# Turkey Camp



## Burly (Oct 4, 2007)

My buddy and I stayed at our cabin this past Friday to get our birds on Saturday. Took some pics but unfortunately we don't have one of a dead Tom or two. Heard three for sure, maybe as many as five, but they never came to us. We tried to close the distance twice, but we got busted the second time. They must have had a hen or two. Pretty exciteing to hear them. At one point they were on both sides of us, and gobbled at everything that made noise. We had a good time catching up, playing dominos, and listening to the Tigers by the campfire until midnight. I went out again alone on Sunday morning and called in two Toms, but they hung up on me just out of range. 

Here are a couple pics


----------



## 5alarm435 (Aug 22, 2011)

That's a great looking cabin.


----------



## Bowhunt (Jul 27, 2010)

_Posted via Mobile Device_


----------



## Bowhunt (Jul 27, 2010)

Thanks for sharing. The cabin is awesome.
_Posted via Mobile Device_


----------



## norton shores killer (Oct 24, 2009)

sweet cabin dude
what area is it located


----------



## Burly (Oct 4, 2007)

It's in Van Buren County on our farm.


----------



## adam bomb (Feb 27, 2006)

Great looking place. I bet you spend allot of time out there. I know i would.
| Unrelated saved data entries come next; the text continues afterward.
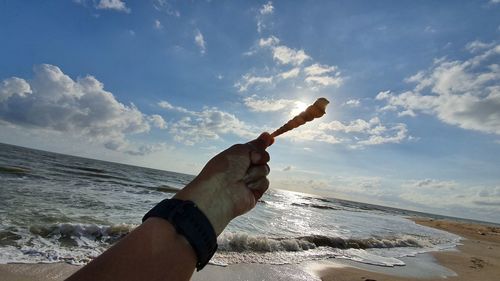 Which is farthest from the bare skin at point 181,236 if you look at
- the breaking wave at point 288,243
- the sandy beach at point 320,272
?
the breaking wave at point 288,243

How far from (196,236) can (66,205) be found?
1197cm

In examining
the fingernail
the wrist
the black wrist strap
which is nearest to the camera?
the black wrist strap

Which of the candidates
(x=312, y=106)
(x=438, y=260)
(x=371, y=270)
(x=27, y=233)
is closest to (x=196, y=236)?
(x=312, y=106)

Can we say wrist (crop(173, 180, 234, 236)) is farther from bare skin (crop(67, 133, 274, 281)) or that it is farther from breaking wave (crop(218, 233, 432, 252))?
breaking wave (crop(218, 233, 432, 252))

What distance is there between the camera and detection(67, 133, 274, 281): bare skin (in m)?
1.24

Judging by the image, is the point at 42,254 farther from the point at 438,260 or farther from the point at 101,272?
the point at 438,260

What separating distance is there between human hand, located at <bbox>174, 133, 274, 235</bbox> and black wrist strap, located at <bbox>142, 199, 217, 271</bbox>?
0.18 ft

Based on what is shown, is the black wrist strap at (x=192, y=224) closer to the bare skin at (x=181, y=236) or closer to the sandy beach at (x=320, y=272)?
the bare skin at (x=181, y=236)

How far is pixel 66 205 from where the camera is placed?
11.6m

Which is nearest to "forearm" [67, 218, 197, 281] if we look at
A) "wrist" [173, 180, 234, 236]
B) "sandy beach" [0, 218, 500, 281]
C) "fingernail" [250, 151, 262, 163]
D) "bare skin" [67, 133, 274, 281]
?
"bare skin" [67, 133, 274, 281]

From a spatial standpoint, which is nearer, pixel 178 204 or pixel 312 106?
pixel 178 204

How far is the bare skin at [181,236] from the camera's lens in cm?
124

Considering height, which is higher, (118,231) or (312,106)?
(312,106)

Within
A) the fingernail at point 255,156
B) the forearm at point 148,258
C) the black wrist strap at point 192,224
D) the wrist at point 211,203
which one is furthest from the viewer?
the fingernail at point 255,156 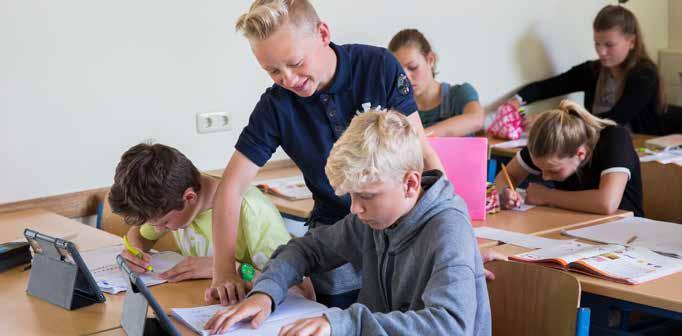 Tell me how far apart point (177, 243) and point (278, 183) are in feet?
3.48

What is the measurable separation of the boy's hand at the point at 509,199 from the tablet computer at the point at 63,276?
1.49 meters

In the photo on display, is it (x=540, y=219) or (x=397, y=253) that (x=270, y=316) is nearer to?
(x=397, y=253)

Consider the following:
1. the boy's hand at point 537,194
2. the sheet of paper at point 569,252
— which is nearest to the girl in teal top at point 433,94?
the boy's hand at point 537,194

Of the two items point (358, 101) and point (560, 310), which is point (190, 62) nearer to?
point (358, 101)

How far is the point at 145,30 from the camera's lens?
11.3 feet

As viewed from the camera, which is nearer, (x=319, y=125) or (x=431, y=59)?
(x=319, y=125)

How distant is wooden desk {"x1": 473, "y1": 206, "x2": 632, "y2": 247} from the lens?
2.74 m

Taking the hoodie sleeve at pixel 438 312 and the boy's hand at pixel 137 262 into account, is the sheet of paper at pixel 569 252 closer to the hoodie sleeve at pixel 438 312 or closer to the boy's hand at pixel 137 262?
the hoodie sleeve at pixel 438 312

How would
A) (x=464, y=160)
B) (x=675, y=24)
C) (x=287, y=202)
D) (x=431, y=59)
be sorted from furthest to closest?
(x=675, y=24), (x=431, y=59), (x=287, y=202), (x=464, y=160)

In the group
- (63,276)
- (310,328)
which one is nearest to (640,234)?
(310,328)

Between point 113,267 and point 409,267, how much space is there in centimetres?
95

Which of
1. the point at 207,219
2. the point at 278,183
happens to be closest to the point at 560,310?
the point at 207,219

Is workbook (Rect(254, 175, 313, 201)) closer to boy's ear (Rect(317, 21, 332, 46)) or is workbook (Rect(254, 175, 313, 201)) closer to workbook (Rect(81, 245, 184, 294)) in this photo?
workbook (Rect(81, 245, 184, 294))

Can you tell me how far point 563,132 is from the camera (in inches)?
115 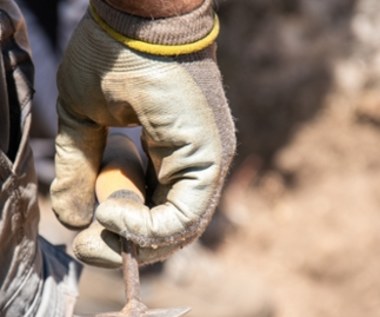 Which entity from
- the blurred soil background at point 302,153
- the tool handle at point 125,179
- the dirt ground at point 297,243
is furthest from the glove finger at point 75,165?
the blurred soil background at point 302,153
Thanks for sharing.


----------



## Wally Gator (Sep 21, 2007)

Awesome camp!


----------



## old graybeard (Jan 19, 2006)

Looks like a camp I would like to call Home


----------



## stockrex (Apr 29, 2009)

nice log cabin,


----------



## SNAPPY (Feb 13, 2004)

Very nice!!

Outdoor Hub mobile, the outdoor information engine


----------



## shotgun12 (Jul 19, 2005)

thats a nice cabin,


----------